Over the years many countries have toyed with this idea and some have put it into practice.
Norway, for example, has a municipal and a national net wealth tax on people with net assets over a specific threshold. Switzerland, Spain, Bolivia, and Argentina all have some legislation on this topic.
Back to Musk and what he wants
Control.
In October Musk hinted he could leave, or take a back seat, if his ownership is not raised to give him the control he craves, in a dystopian, science-fiction alternate reality, over a "robot army".
"It's not like I'm going to spend the money," he said on a conference call, AFP reported, "It's just if we build this robot army, (I want to) have at least a strong influence over that robot army."
He appeared serious about that, telling shareholders he expects around 80 per cent of Tesla's value to come from Optimus robots, referring to under-development humanoid robotic devices.
He also called Tesla's potential growth "nearly boundless", and said it would beome the most valuable company in the world, if it delivers on its vision for autonomous driving and Artificial Intelligence.

Optimus robots are central to Musk's vision of a world driven by AI. Credit: tesla.com
Bizarre comments, one could argue, are Musk's stock-in-trade.
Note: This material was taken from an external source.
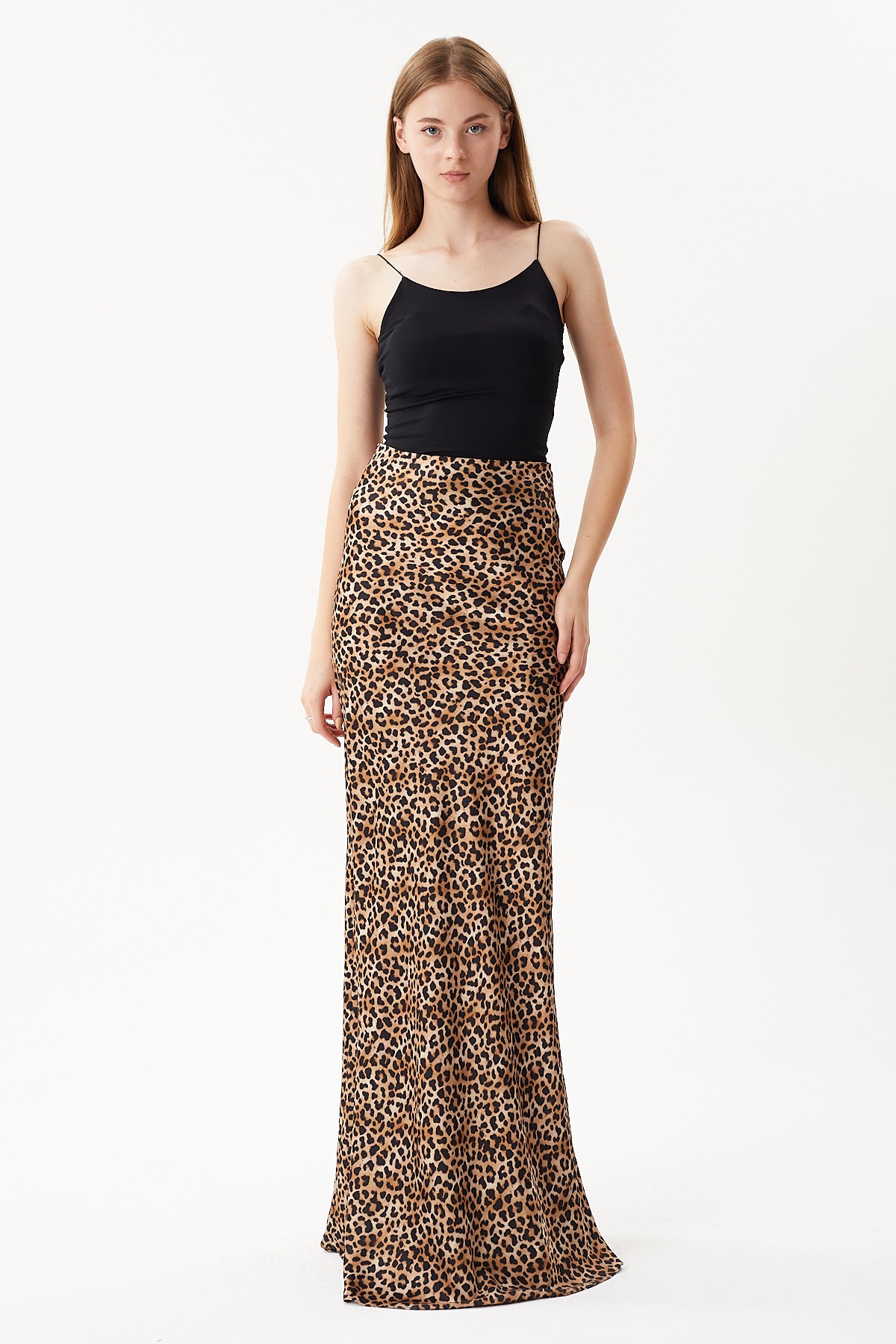 Leopard patterned bias cut satin skirt with elastic wais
So, here's another. In that same October earnings call, he raved about "corporate terrorists" and being "ousted", a response to proxy advisory firms like Glass, Lewis & Co. urging shareholders to reject the trillion-dollar package.
Overall, 'control' is a theme that figures in Musk's world, and he has often argued for more of that for himself in companies he runs, including X, one of the world's most influential social media platforms.
And what Tesla Wants
Musk.
Corporate-speak from the company in early October called the package a 'performance-driven, long-term incentive aligned with Tesla's ambitious growth objectives', which include increasing vehicle production to 20 million annually. Musk is the key to these goals, the company said.
The company has thrown its weight behind this proposal. Tesla Chair Robin Denholm appeared on major US television channels to sell the plan, despite criticism over dropping car sales.

Tesla's Model Y (File).
"Without Elon, Tesla could lose significant value, as our company may no longer be valued for what we aim to become: a transformative force reimagining the fundamental building blocks of mobility, energy and labor," Denholm said in an October 27 message to shareholders.
But to get what it wants, Tesla must negotiate market and product challenges and from within, after Norway's sovereign wealth fund, one of its largest shareholders, said 'no'. Glass Lewis and another advisory firm, Institutional Shareholder Services, have urged voters to say 'no' to.
Tesla has, however, pointed out the package's structure doesn't give Musk all of the control immediately. Instead, it gives him voting rights incrementally as each of 12 milestones are met.
This, it has argued, retains oversight with the shareholders.